Review: Cyberpunk 2077 –Few genres have as much appeal as the cyberpunk genre. The dystopian, futuristic settings, cities fused into a megalopolis, cybernetic enrichments of the human body, pumping music and the enormous differences between rich and poor. Perhaps more than any other genre, it appeals to our imagination, because it is also an immediate critique of our ethos; is this really going to be our future? Do we reject our humanity because we keep changing ourselves endlessly through augmentations? It is the real antithesis of what we as a society should strive for. And yet that makes us curious; we want to know what it’s like to walk the neon-clad streets rife with modern drugs, sex and violence. It is a reflection of humanity in its most primitive form, despite technological advancements. Cyberpunk 2077 must therefore become the culmination of the genre and now – more than eight years after the original announcement – the game is among us. Spoiler alert: this review is long and contains light spoilers about the first few hours.
A lesson in history
The Matrix, Blade Runner, Neuromancer, Shadowrun, Akira, Dredd, Ghost in the Shell, Altered Carbon, Westworld, Deus Ex, System Shock; these are just a few examples of manifestations in the cyberpunk genre and you could easily make the list much longer. Although a large part of the aforementioned titles are (rightly) true classics, nothing has ever been brought to the market that really makes you feel that you are in a dark extrapolation of our society. I started jumping up and down childishly when it became clear in 2012 that one of my favorite studios – CD Projekt RED, known from The Witcher games – was working on a game in the Cyberpunk universe (2077 is based on the Cyberpunk 2020 tabletop RPG by Mike Pondsmith). A match made in heaven, as they say so beautifully.
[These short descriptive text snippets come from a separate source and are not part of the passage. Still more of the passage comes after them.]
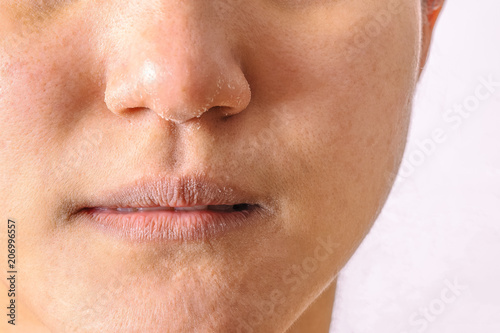 Obraz na plátne Allergic women have eczema dry nose and lips on winter season closeup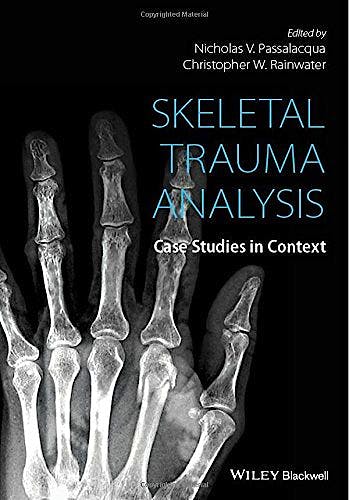 Portada del libro 9781118384220 Skeletal Trauma Analysis. Case Studies in Context
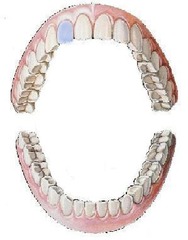 <p>maxillary right lateral incisor</p>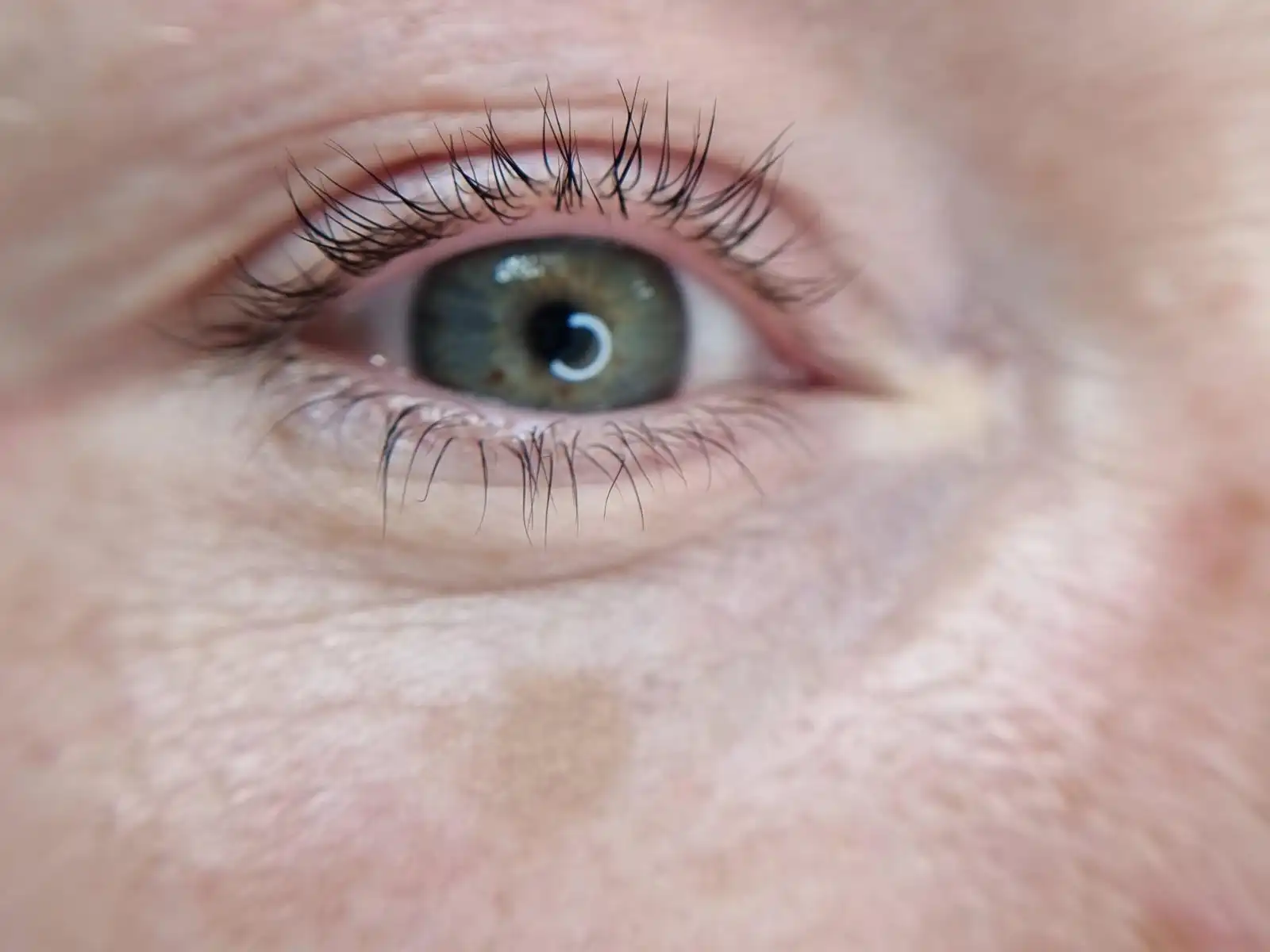 Vorher – Wimpernkranzverdichtung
And yet the development of this enormous title was not going to be entirely flawless. After all, the unveiling was back in 2013, but full production wouldn’t start until mid-May 2016, after CD Projekt RED delivered the final expansion of The Witcher 3: Wild Hunt. Then it was already clear that the Polish studio had enormous ambitions with Cyberpunk 2077, with only a short text release date: “Coming: when it’s ready”. A tagline that, given what we now know about the game, can be taken very sour. The story of CD Projekt RED can almost be called a fairytale; after only three full-fledged games and a number of spin-offs, the studio can compete with the greats and with Cyberpunk 2077 they hope to definitely place themselves in the “Rockstar” category. There has been a lot to do about this game, multiple delays and onecrunch in the last minutes to really get things done. But has Cyberpunk 2077 lived up to its sky-high ambitions?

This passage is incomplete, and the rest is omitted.